The Suffering of Jesus Christ - Lesson 3
Review
2- To Please His Heavenly Father
3- To Learn Obedience and Be Perfected
Therefore, when the Bible says that Jesus “learned obedience through what he suffered,” it doesn’t mean that he learned to stop disobeying. It means that with each new trial he learned in practice—and in pain—what it means to obey.
Christ’s active obedience is His obedience to the law of God in thought, word, and deed from the moment of His conception through the end of His earthly life. The Heidelberg Catechism speaks memorably of Christ’s active obedience when it says His “perfect satisfaction, righteousness, and holiness” become our own by faith alone (Q&A 61). The Westminster Larger Catechism also gives great attention to the lifelong obedience of our Lord on our behalf:
How did Christ humble himself in his life?
Christ humbled himself in his life, by subjecting himself to the law, which he perfectly fulfilled; and by conflicting with the indignities of the world, temptations of Satan, and infirmities in his flesh, whether common to the nature of man, or particularly accompanying that his low condition. (Q&A 48)
This also is how the apostle Paul explained our justification, saying: “Therefore, as one trespass led to condemnation for all men, so one act of righteousness leads to justification and life for all men. For as by the one man’s disobedience the many were made sinners, so by the one man’s obedience the many will be made righteous” (Rom. 5:18–19).
The truth that the righteousness of Jesus Christ alone is the foundation for our justification has profound practical effects in us, such as peace of conscience from the terrible judgment of God (Rom. 5:1). The apostle Paul’s desire for the benefits of justification was so strong that he described his intense desire to “be found in him [Christ], not having a righteousness of my own that comes from the law, but that which comes through faith in Christ, the righteousness from God that depends on faith” (Phil. 3:9).
Passive Obedience
When we speak of our Lord’s passive obedience, we do not mean that He passively allowed things to happen to Him. Instead, we are speaking of His passion. The Latin word passio speaks of His sufferings on our behalf.

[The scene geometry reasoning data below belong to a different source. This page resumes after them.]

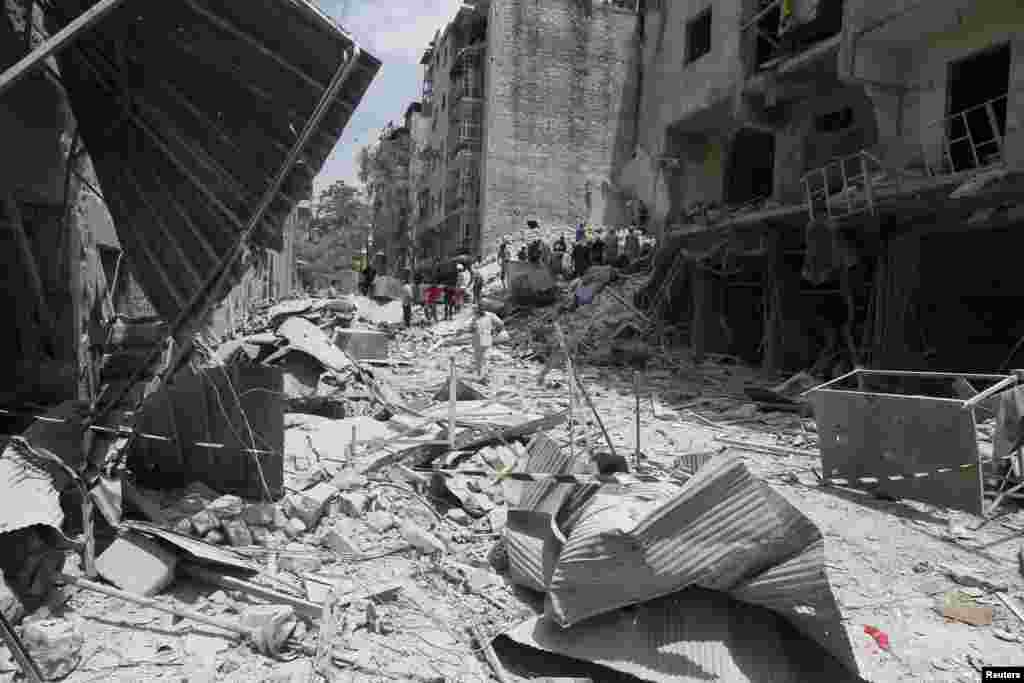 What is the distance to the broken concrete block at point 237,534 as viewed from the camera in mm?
4027

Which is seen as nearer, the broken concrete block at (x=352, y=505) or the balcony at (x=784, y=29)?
the broken concrete block at (x=352, y=505)

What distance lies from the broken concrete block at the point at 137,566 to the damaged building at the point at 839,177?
11.1 meters

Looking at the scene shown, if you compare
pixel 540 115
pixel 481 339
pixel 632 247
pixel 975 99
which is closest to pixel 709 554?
pixel 481 339

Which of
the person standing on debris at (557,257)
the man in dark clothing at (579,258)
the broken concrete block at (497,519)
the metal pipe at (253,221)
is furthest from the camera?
the person standing on debris at (557,257)

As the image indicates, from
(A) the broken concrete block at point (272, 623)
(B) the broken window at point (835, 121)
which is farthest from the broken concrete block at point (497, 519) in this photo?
(B) the broken window at point (835, 121)

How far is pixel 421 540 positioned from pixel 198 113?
3.33m

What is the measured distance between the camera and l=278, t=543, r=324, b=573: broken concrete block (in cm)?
394

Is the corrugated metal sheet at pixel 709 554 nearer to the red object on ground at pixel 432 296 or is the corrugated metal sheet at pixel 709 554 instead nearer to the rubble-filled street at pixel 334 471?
the rubble-filled street at pixel 334 471

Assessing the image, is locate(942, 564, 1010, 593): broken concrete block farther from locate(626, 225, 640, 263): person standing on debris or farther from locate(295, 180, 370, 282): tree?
locate(295, 180, 370, 282): tree

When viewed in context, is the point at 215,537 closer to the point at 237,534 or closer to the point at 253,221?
the point at 237,534

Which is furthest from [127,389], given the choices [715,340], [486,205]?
[486,205]

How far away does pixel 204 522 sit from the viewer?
4.02 metres

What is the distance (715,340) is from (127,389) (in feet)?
51.8

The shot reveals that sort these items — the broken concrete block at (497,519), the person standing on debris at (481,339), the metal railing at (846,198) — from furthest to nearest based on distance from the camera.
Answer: the person standing on debris at (481,339) → the metal railing at (846,198) → the broken concrete block at (497,519) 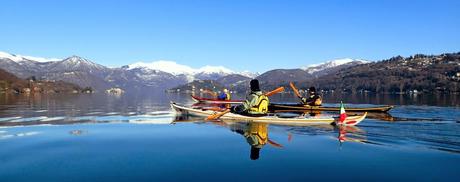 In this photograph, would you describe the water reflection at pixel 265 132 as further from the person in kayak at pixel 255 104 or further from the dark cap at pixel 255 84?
the dark cap at pixel 255 84

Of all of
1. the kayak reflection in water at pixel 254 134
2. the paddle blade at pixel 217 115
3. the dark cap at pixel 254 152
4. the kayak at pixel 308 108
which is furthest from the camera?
the kayak at pixel 308 108

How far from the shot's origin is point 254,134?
82.2 ft

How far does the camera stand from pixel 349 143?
855 inches

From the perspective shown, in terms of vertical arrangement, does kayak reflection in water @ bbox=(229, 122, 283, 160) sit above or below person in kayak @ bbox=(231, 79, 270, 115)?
below

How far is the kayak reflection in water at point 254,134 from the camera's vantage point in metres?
A: 19.7

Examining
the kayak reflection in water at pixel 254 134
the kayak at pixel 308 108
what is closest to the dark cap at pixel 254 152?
the kayak reflection in water at pixel 254 134

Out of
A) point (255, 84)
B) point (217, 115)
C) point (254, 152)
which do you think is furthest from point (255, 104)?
point (254, 152)

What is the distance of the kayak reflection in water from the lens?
64.7 ft

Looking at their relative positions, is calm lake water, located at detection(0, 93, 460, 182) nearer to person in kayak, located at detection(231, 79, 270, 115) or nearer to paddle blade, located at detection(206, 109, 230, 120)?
person in kayak, located at detection(231, 79, 270, 115)

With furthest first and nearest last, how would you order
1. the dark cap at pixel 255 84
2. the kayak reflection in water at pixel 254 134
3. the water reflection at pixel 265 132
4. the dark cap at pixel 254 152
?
the dark cap at pixel 255 84
the water reflection at pixel 265 132
the kayak reflection in water at pixel 254 134
the dark cap at pixel 254 152

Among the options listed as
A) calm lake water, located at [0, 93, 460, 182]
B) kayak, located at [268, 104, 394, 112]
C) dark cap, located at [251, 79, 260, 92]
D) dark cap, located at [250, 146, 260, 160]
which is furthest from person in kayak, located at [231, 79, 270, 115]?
kayak, located at [268, 104, 394, 112]

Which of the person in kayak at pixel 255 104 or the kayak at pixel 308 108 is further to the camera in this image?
the kayak at pixel 308 108

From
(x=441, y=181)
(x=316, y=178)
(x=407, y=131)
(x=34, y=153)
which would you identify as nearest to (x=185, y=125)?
(x=34, y=153)

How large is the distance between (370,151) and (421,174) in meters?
4.40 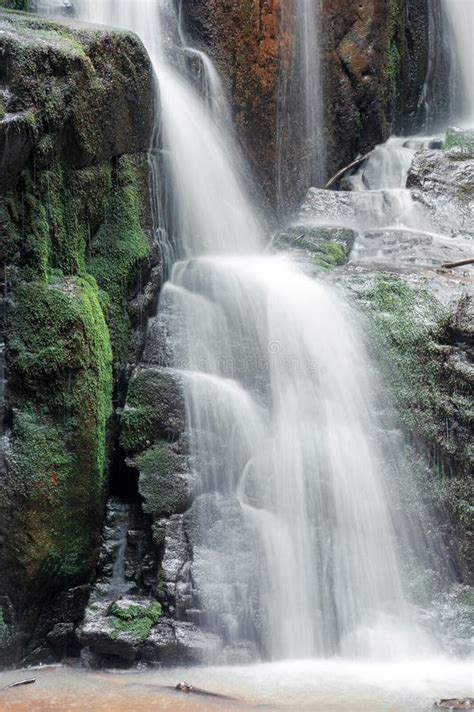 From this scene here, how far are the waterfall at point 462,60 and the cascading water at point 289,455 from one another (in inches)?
290

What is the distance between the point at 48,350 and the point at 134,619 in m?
1.87

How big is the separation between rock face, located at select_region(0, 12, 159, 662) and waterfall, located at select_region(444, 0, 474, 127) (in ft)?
30.0

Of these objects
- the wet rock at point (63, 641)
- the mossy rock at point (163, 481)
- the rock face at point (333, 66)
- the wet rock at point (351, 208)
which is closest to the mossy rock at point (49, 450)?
the wet rock at point (63, 641)

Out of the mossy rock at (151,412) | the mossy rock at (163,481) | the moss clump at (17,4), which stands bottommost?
the mossy rock at (163,481)

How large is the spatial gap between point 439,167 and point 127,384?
6.02 m

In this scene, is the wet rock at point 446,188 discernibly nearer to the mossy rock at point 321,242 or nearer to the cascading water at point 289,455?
the mossy rock at point 321,242

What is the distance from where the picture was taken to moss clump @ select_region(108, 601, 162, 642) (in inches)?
223

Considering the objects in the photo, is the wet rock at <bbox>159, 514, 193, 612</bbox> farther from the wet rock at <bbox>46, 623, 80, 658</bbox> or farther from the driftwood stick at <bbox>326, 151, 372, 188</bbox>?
the driftwood stick at <bbox>326, 151, 372, 188</bbox>

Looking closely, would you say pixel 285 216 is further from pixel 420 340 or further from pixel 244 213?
pixel 420 340

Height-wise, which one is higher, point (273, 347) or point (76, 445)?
point (273, 347)

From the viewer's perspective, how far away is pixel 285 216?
35.3ft

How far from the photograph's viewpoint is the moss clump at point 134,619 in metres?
5.66

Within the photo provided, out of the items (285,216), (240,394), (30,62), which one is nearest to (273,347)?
(240,394)

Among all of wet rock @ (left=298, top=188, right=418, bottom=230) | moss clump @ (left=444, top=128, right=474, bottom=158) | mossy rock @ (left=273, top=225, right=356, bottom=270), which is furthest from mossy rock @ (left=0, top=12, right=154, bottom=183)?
moss clump @ (left=444, top=128, right=474, bottom=158) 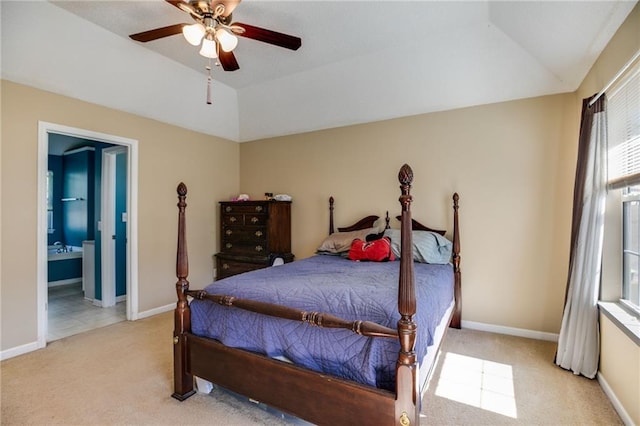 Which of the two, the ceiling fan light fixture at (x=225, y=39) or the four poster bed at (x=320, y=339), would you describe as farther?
the ceiling fan light fixture at (x=225, y=39)

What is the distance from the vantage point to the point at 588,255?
230 centimetres

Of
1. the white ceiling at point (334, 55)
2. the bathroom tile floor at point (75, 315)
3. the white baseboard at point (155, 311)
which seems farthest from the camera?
the white baseboard at point (155, 311)

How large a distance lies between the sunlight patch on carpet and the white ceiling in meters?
2.51

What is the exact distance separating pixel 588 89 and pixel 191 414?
3805 millimetres

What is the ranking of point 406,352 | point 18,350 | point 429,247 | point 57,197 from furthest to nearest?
point 57,197
point 429,247
point 18,350
point 406,352

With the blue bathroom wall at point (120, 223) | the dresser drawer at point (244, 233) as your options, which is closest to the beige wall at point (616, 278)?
the dresser drawer at point (244, 233)

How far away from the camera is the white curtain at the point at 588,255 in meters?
2.25

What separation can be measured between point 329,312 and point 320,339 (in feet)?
0.49

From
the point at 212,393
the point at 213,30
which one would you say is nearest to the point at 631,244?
the point at 212,393

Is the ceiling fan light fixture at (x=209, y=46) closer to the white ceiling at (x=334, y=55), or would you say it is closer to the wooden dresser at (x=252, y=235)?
the white ceiling at (x=334, y=55)

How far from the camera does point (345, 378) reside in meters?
1.56

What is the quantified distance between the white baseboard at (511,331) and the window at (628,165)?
3.44ft

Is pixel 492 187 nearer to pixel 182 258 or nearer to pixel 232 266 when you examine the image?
pixel 182 258

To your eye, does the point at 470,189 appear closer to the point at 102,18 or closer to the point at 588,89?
the point at 588,89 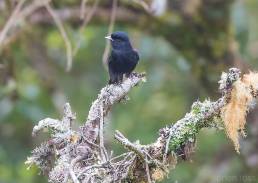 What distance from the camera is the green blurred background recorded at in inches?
209

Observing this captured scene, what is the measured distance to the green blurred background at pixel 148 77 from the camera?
17.4 ft

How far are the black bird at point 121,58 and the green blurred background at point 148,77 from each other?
31.1 inches

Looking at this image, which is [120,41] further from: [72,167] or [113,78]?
[72,167]

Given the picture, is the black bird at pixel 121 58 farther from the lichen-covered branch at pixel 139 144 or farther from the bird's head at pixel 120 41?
the lichen-covered branch at pixel 139 144

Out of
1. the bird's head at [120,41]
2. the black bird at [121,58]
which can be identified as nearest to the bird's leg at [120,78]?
the black bird at [121,58]

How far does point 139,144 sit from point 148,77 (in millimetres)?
4006

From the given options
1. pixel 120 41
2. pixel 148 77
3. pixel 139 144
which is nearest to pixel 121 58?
pixel 120 41

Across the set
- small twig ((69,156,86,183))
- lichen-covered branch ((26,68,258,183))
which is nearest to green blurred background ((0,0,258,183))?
lichen-covered branch ((26,68,258,183))

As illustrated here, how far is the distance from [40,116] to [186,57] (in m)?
1.26

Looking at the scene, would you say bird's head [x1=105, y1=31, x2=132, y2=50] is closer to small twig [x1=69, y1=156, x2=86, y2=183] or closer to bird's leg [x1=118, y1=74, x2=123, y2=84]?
bird's leg [x1=118, y1=74, x2=123, y2=84]

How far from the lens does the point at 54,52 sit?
7.52m

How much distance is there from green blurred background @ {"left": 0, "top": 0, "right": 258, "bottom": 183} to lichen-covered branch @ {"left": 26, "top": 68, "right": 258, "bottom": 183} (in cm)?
159

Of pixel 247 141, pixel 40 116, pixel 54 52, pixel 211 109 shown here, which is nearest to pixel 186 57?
pixel 247 141

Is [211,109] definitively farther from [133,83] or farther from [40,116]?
[40,116] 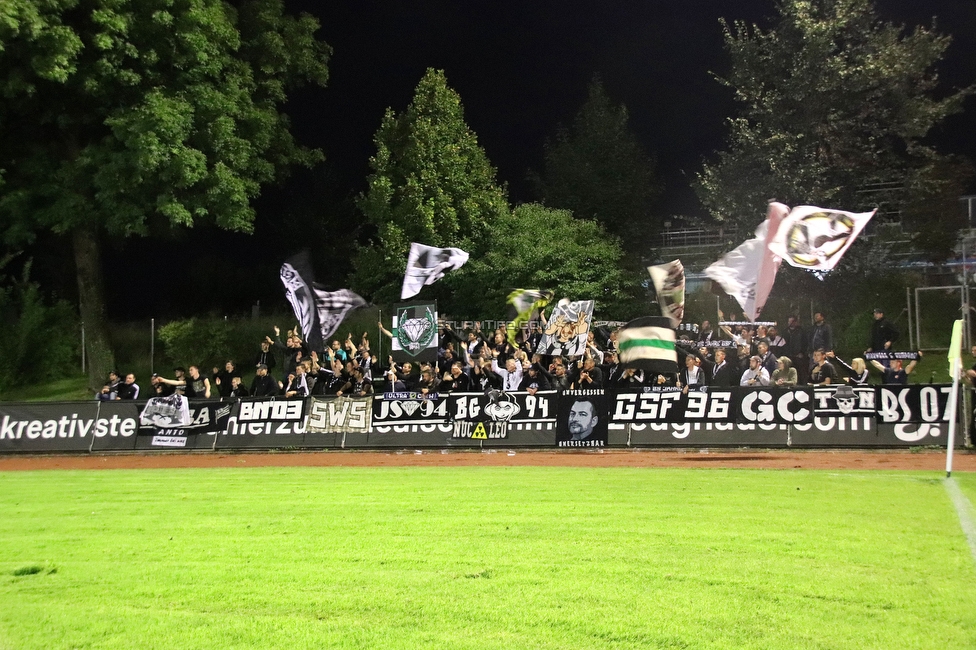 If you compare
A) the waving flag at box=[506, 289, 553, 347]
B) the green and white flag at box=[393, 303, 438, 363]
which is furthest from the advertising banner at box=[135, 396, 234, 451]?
the waving flag at box=[506, 289, 553, 347]

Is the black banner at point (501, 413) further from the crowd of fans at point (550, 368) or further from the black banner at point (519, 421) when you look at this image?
the crowd of fans at point (550, 368)

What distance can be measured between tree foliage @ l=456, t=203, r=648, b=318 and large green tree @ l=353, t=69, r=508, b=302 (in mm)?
1177

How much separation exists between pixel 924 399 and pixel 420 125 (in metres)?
19.1

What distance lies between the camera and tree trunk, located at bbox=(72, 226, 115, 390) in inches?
1268

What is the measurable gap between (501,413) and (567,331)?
3007mm

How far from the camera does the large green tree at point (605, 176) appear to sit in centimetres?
3928

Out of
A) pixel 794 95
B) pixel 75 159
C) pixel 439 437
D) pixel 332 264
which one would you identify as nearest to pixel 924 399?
pixel 439 437

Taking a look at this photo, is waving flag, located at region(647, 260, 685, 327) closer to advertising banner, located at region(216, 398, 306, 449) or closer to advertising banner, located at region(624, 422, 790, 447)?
advertising banner, located at region(624, 422, 790, 447)

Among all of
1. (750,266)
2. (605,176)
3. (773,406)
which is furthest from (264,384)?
(605,176)

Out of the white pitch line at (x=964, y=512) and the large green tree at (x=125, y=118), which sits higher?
the large green tree at (x=125, y=118)

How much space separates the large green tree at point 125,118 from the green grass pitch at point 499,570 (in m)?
19.6

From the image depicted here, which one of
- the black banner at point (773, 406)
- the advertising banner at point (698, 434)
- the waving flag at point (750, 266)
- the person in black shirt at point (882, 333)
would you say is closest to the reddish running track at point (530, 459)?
the advertising banner at point (698, 434)

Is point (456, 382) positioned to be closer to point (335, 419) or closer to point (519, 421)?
point (519, 421)

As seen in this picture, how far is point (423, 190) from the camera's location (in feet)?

Again, the Heidelberg Catechism is very helpful, because it tells us the passive obedience of Christ has to do not merely with His death but with His entire life:
What dost thou understand by the word Suffered?
That all the time he lived on earth, but especially at the end of his life, he bore, in body and soul, the wrath of God against the sin of the whole human race, in order that by his passion, as the only atoning sacrifice, he might redeem our body and soul from everlasting damnation, and obtain for us the grace of God, righteousness, and eternal life. (Q&A 37)
Because of our gratitude for the work of Jesus Christ alone in both His active and passive obedience, which culminated in His once-for-all accomplishment on the cross for us, we desire “to know nothing … except Jesus Christ and him crucified” (1 Cor. 2:2), and we “count everything as loss because of the surpassing worth of knowing Christ Jesus” (Phil. 3:8).